_DIRECTIONS:_
What needs transcribing is the line with "A Lego Brickheadz" and every line after it to the end of the records, exactly and alone, with no pictures.

_RECORD EXCERPTS:_
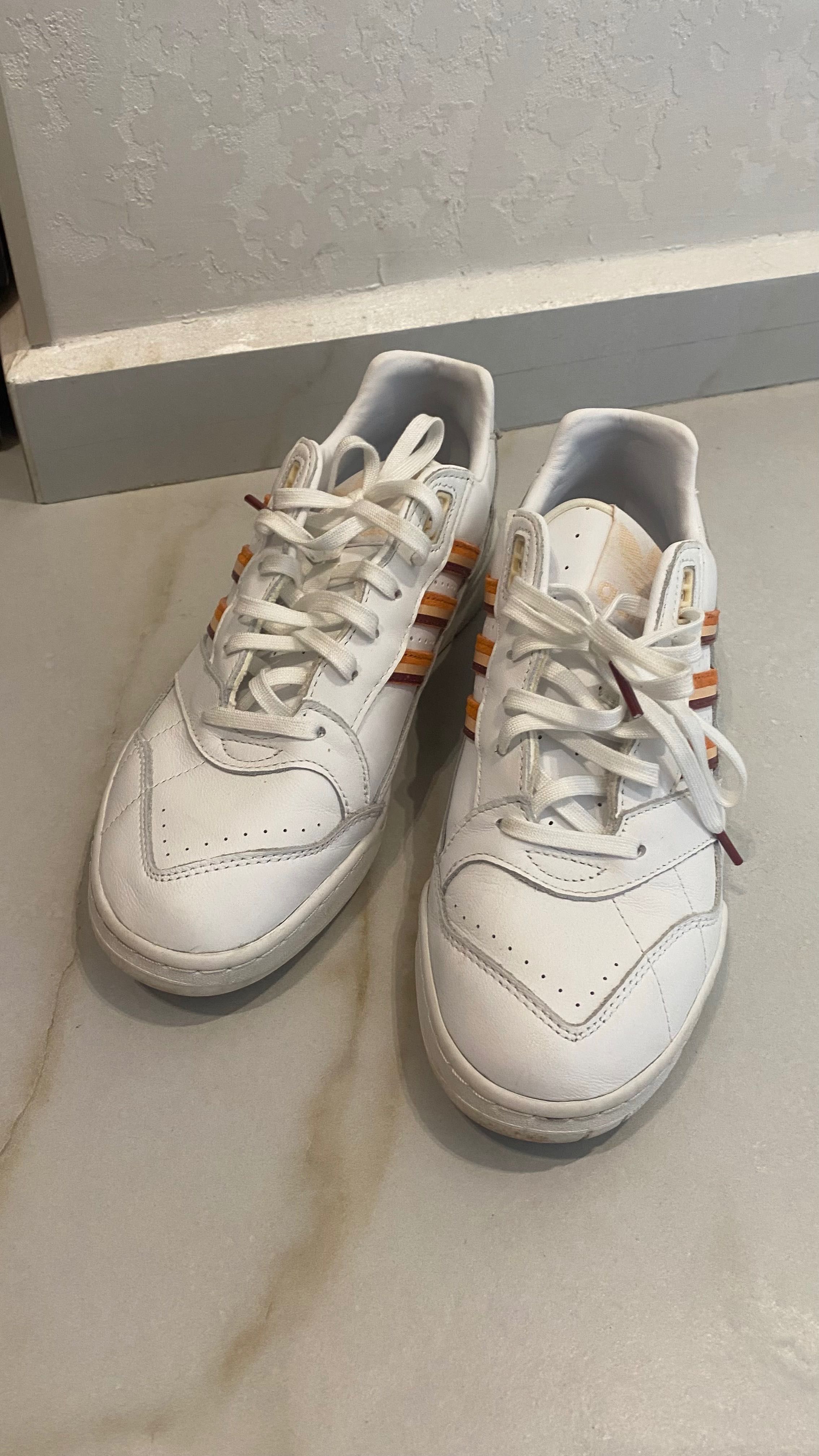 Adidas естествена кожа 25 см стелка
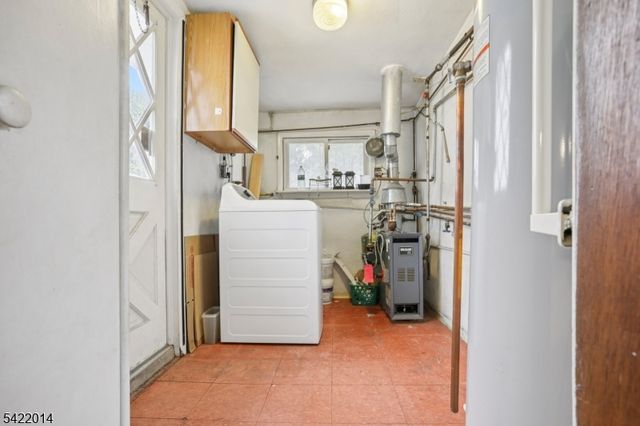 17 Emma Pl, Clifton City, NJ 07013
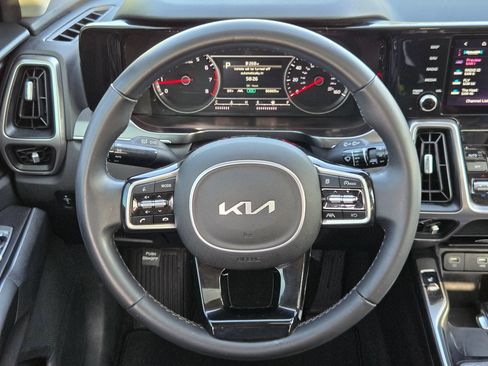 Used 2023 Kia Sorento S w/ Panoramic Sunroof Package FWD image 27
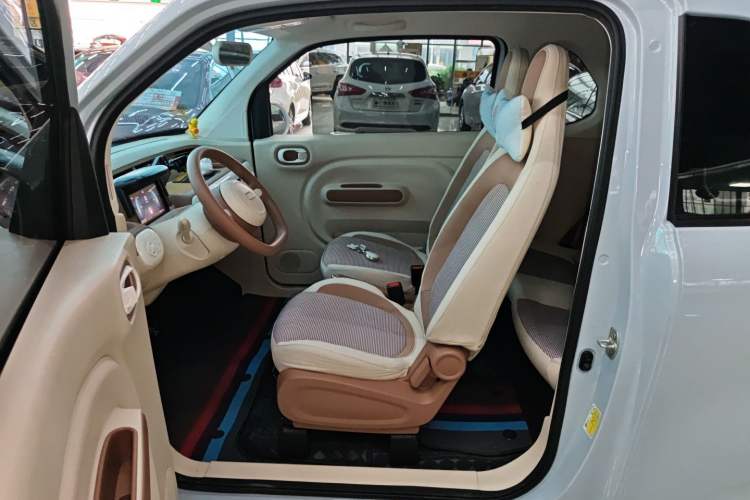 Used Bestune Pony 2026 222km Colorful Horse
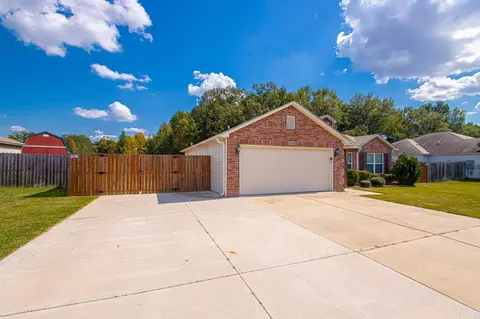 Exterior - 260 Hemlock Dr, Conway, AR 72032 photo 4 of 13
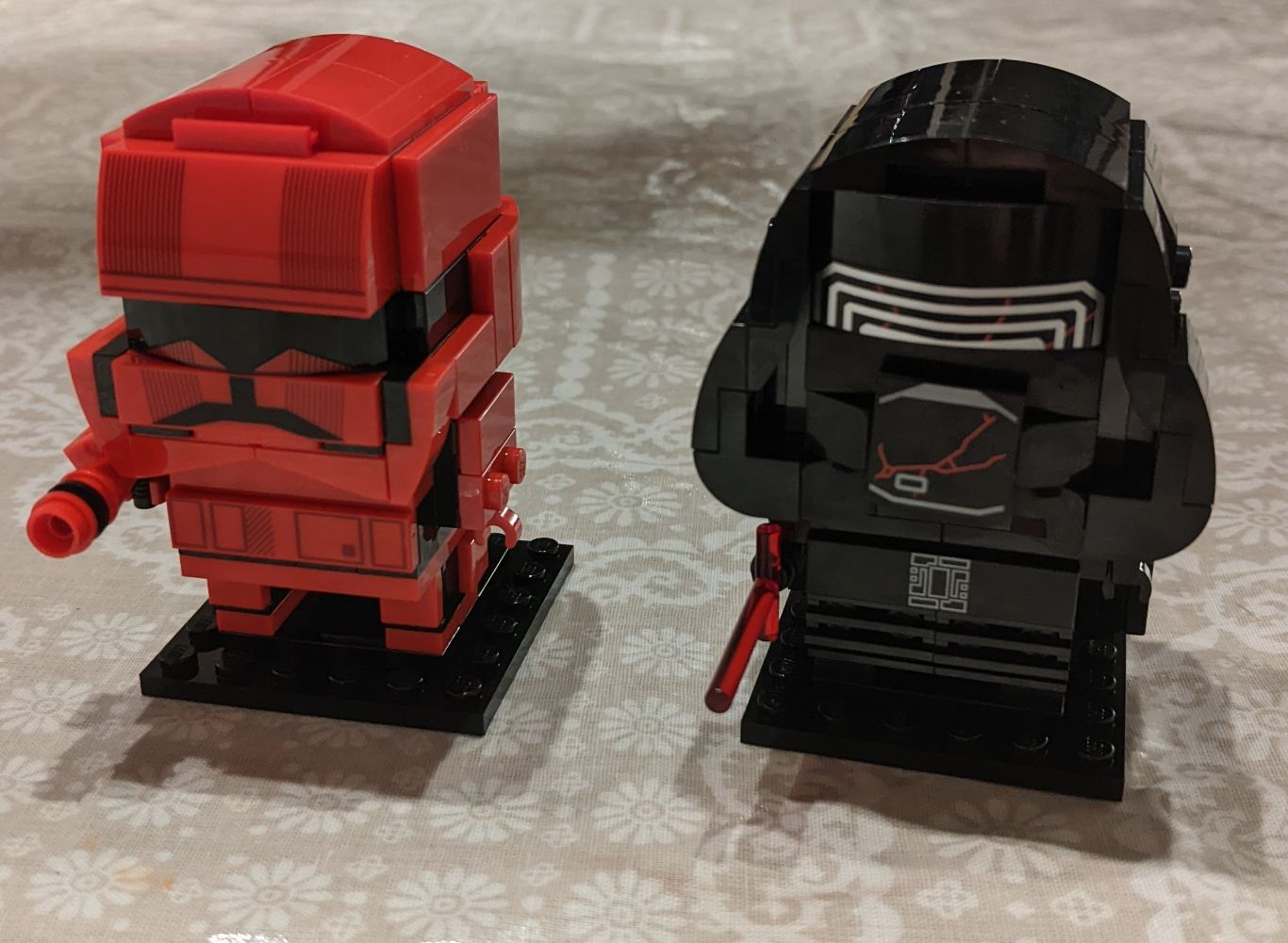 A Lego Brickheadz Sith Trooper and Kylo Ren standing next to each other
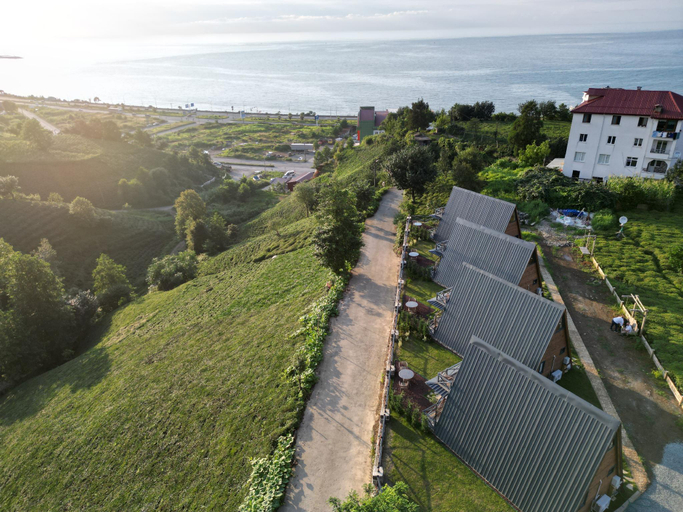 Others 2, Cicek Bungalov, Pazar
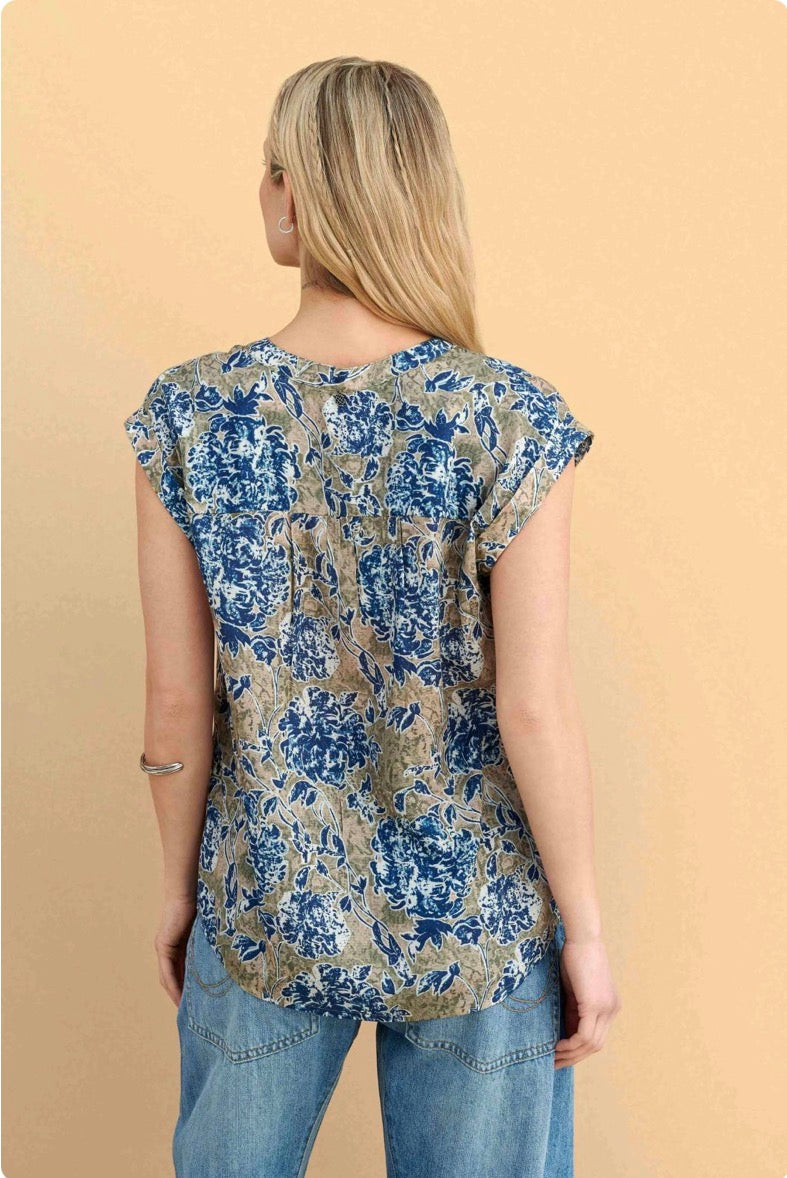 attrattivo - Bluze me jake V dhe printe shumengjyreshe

_SOLUTION TO THIS EXERCISE:_
 A Lego Brickheadz Sith Trooper and Kylo Ren standing next to each other
 Others 2, Cicek Bungalov, Pazar
 attrattivo - Bluze me jake V dhe printe shumengjyreshe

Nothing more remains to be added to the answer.